--- Extracted information ---

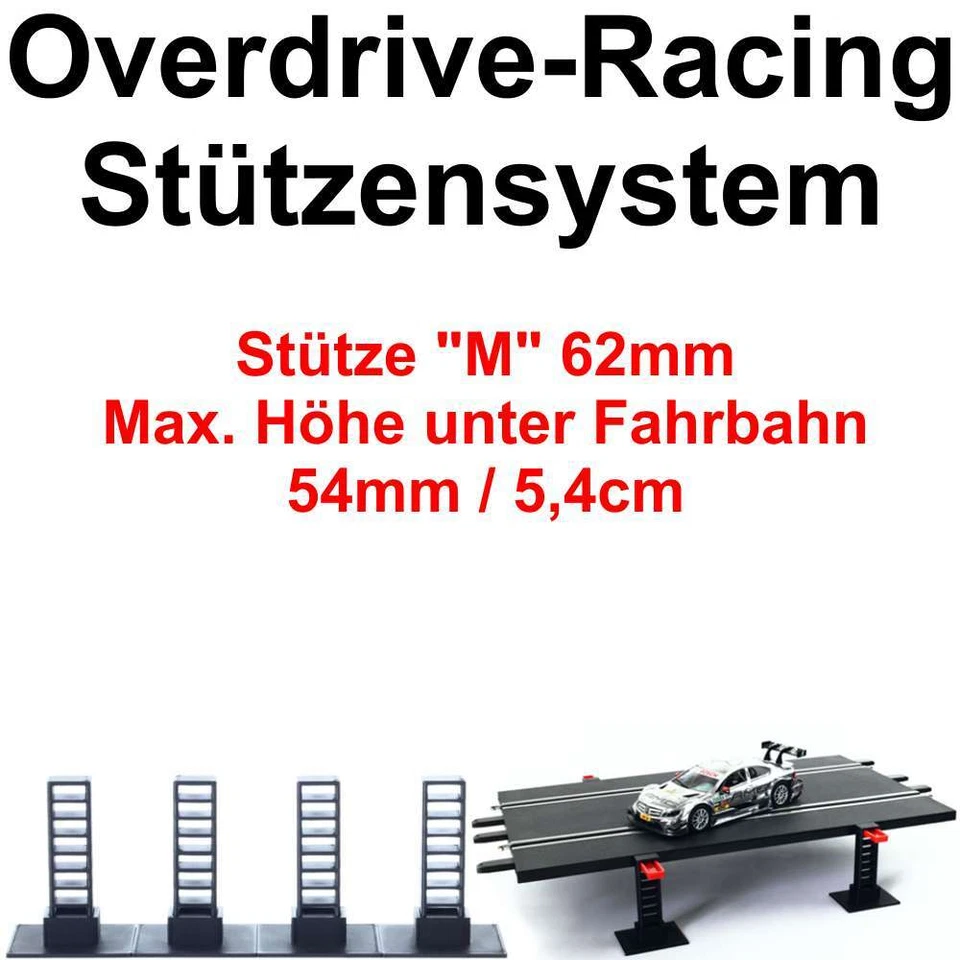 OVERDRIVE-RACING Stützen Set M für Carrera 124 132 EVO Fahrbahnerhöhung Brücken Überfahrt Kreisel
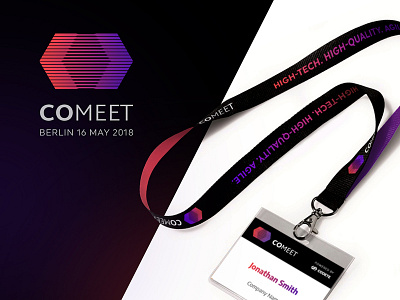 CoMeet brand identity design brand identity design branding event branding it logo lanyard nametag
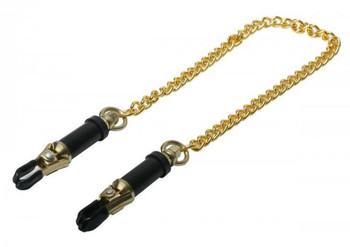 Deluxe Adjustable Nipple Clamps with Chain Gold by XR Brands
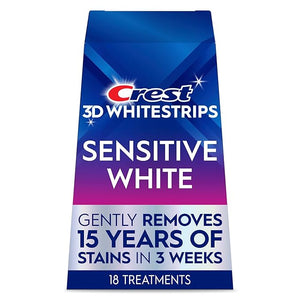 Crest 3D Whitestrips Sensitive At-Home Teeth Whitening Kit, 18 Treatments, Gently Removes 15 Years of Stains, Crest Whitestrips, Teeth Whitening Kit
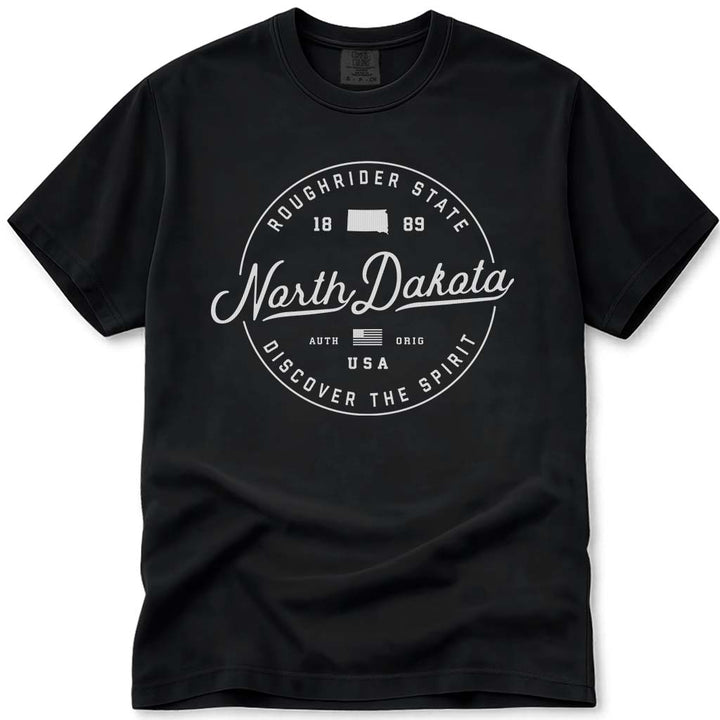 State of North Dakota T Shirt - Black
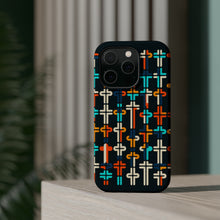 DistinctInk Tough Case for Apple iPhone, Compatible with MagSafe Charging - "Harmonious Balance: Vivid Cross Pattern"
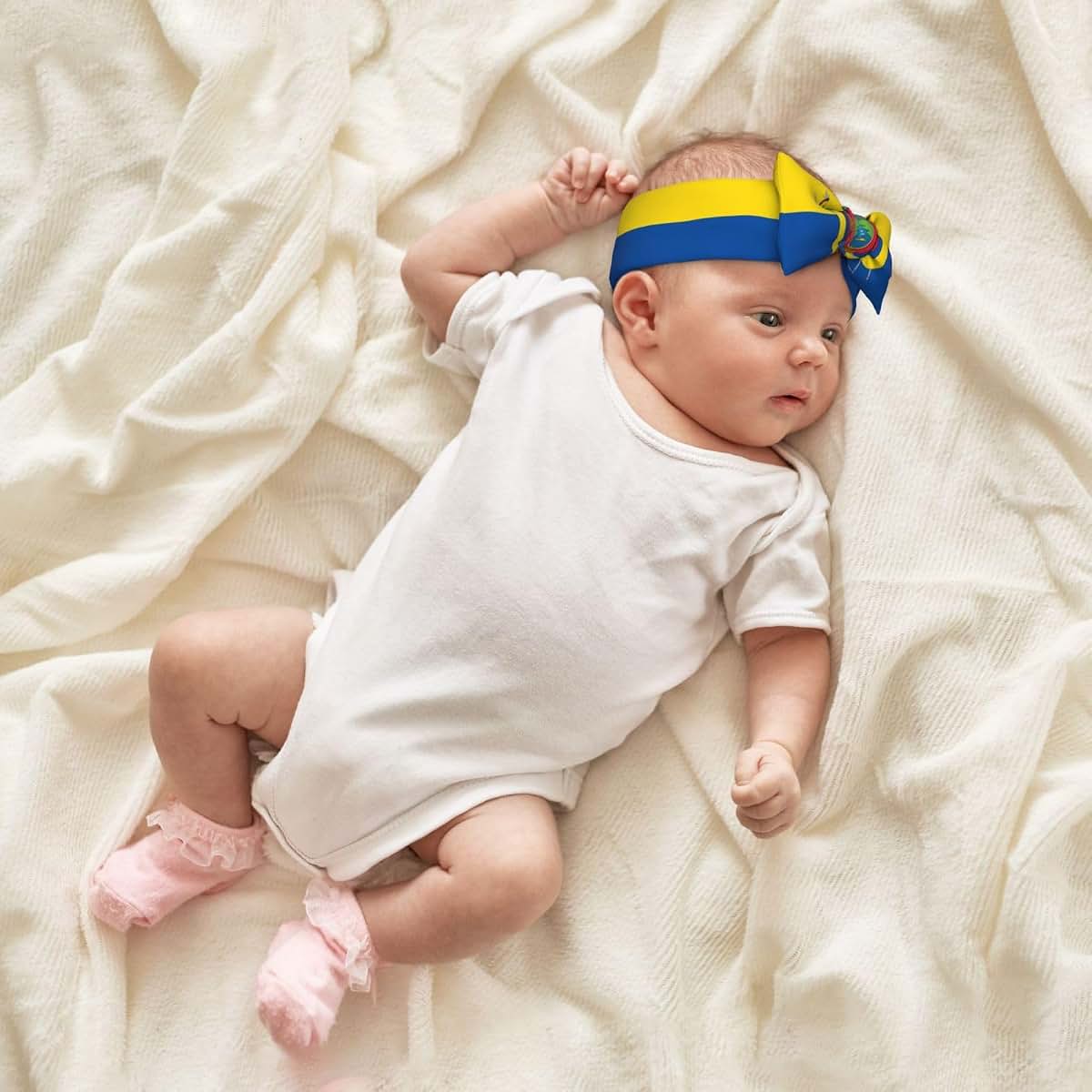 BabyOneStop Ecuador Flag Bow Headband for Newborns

---

What this task involves:
What is wanted is an exact copy of the lines from the line with "CoMeet brand identity" through the end of the records, both ends included, pictures excluded.

Answer box:
 CoMeet brand identity design brand identity design branding event branding it logo lanyard nametag
 Deluxe Adjustable Nipple Clamps with Chain Gold by XR Brands
 Crest 3D Whitestrips Sensitive At-Home Teeth Whitening Kit, 18 Treatments, Gently Removes 15 Years of Stains, Crest Whitestrips, Teeth Whitening Kit
 State of North Dakota T Shirt - Black
 DistinctInk Tough Case for Apple iPhone, Compatible with MagSafe Charging - "Harmonious Balance: Vivid Cross Pattern"
 BabyOneStop Ecuador Flag Bow Headband for Newborns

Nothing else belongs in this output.